Sidepodcast - All for F1 and F1 for all

1929 and the first Monaco Grand Prix - Archive footage from the dusty streets of Monte Carlo

Published by Mr. C

Joe Saward shared a video on Facebook over the weekend that I hadn't seen before and absolutely did not want to lose.

Pathé Newsreels, one of the oldest names in the motion picture industry, launched a YouTube channel last year and have been uploading all manner of archive clips ever since. This month they dug out a 2 minute vignette of the inaugural Grand Prix in Monaco, founded by Anthony Noghes.

The 1929 race featured 15 drivers and lasted 4 hours, and looked as insane to tackle in a racing car back then as it does today. The beauty of running a contemporary series on a circuit as steeped in history as Monaco is that so many of the landmarks are clearly recognisable to even the most casual modern day fan - the tight St.
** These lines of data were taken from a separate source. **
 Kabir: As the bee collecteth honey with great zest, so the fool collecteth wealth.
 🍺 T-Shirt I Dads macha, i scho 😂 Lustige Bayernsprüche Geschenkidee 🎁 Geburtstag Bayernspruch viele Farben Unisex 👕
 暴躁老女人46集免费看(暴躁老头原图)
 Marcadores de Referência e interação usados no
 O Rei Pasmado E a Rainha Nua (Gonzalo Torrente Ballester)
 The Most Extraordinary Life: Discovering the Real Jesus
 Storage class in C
Devote corner, the climb to the Casino, the tunnel and more.

Enjoy this truly classic piece of footage and keep in mind the amount of dust visible off the racing line when drivers complain about marbles in the modern era.

The race was won by William Grover-Williams, a name fans of Joe's book Grand Prix Saboteurs will be more than familiar with. If you haven't read the book yet, be sure to grab yourself a copy.